There was meltdown on the other side of the table. The Minister and advisors started by saying: “well of course that means we have to deliver literacy and numeracy, or English and Maths… and of course we need Sciences… and we cannot ignore History or foreign languages… and it would be a shame to lose things like Art and Drama… and Sport is vital for their health… and citizenship… and life skills… and employability skills… and financial literacy… and…”. For 20 minutes they kept on adding to an implausibly long list of goals for schools to achieve.
We had, inadvertently, asked the Department for Education “what is the point of education?” Effectively, the answer was “we haven’t got a clue”.
At this point it is easy to laugh at venal politicians and incompetent civil servants. But now put yourself in their shoes. If you had to performance manage the education system, what specific goals would you measure and reward?
The skills challenge is made worse by most corporate training which also fails to give us what we need. Firms and executives are happy with training that focusses on explicit knowledge: ‘know-what’ skills such as finance, accounting, or strategy. But they are less comfortable with training in tacit knowledge: the ‘know-how’ skills of dealing with people. Going on such courses is seen as a sign of weakness by many executives. But tacit knowledge and skills are the key to the future.
All of this points to a looming skills crisis for individuals, leaders, firms, and nations. We are busy honing our 20th century skills to prepare for 21st century challenges. We are going into war, ready to charge the enemy tanks on horseback. The results will not be pretty.
As ever, where there is crisis there is opportunity. The first nation to grasp the education revolution will create a golden future for the next generation. But it requires radical change. Literacy and numeracy are simply gateways to real learning: they are the journey, not the destination.
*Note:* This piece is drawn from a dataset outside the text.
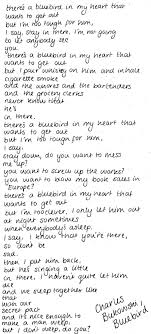 Not Quite Micro But Worth Pinning Charles Bukowski Bluebird Bluebirds Bluebirds Poem Charles Bukowski Bukowski Paper Quote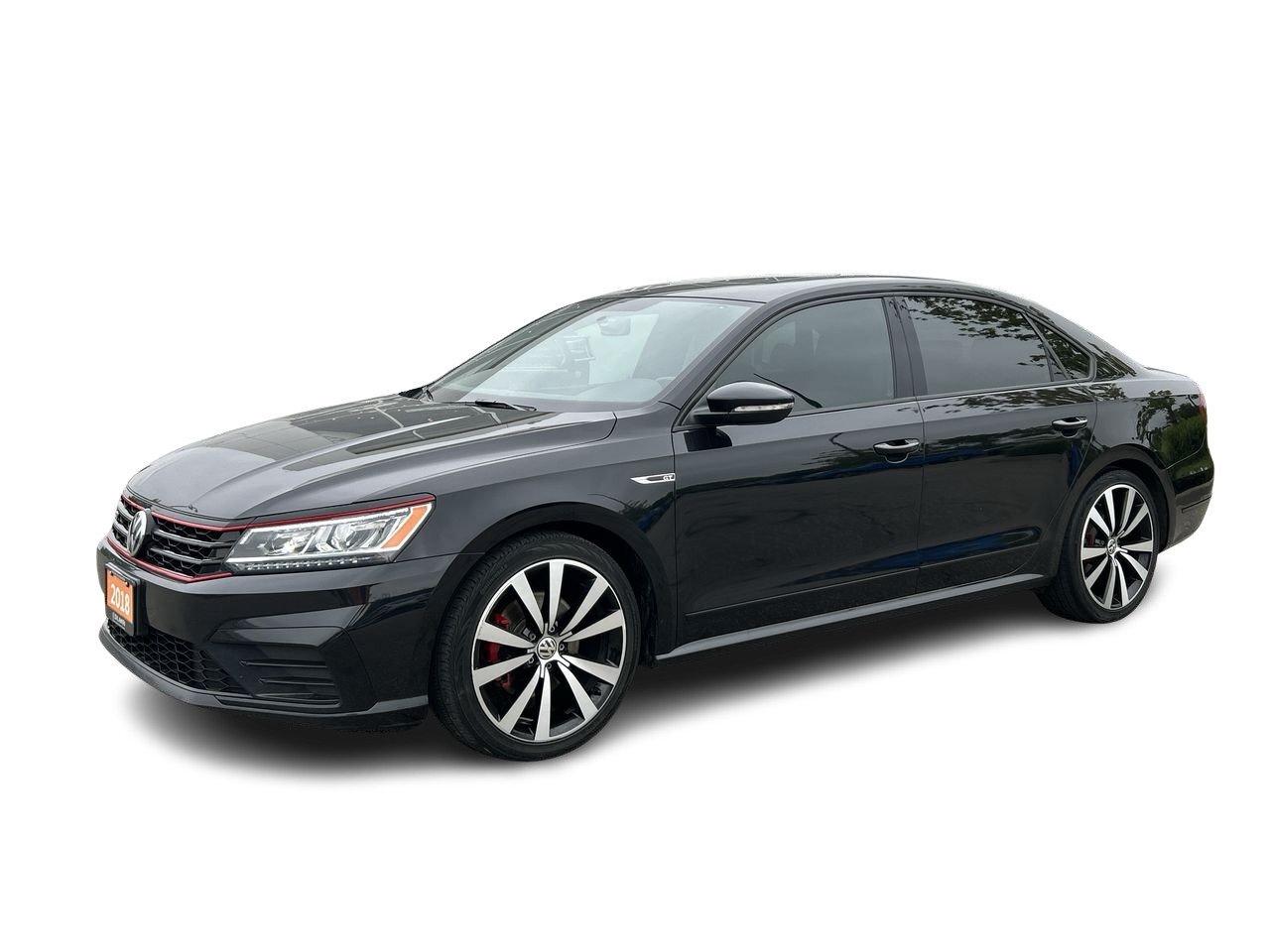 2018 Volkswagen Passat GT 3.6L VR6 6sp DSG at w/Tip Alloy Wheels  Remote Photo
This may mean that people have to spend longer in education, or spend half the time in education and half in employment to build the skills they need. Perhaps firms will have to be more explicitly involved in education. As individuals, we need to be ready to go back into education to retrain and reskill ourselves. Whatever skills we have at age 25 are unlikely to help us much 30 or 40 years later.
As leaders, we cannot wait and hope that the education system will deliver what we need as employers. It may well be a very long wait. We have to take control of our destiny. We have to prepare ourselves and our teams for the future. Only if we build the right skills and experience can we expect to survive. And if others are not building the right skills and experience, we will not just survive; we will thrive. That is a prize well worth fighting for.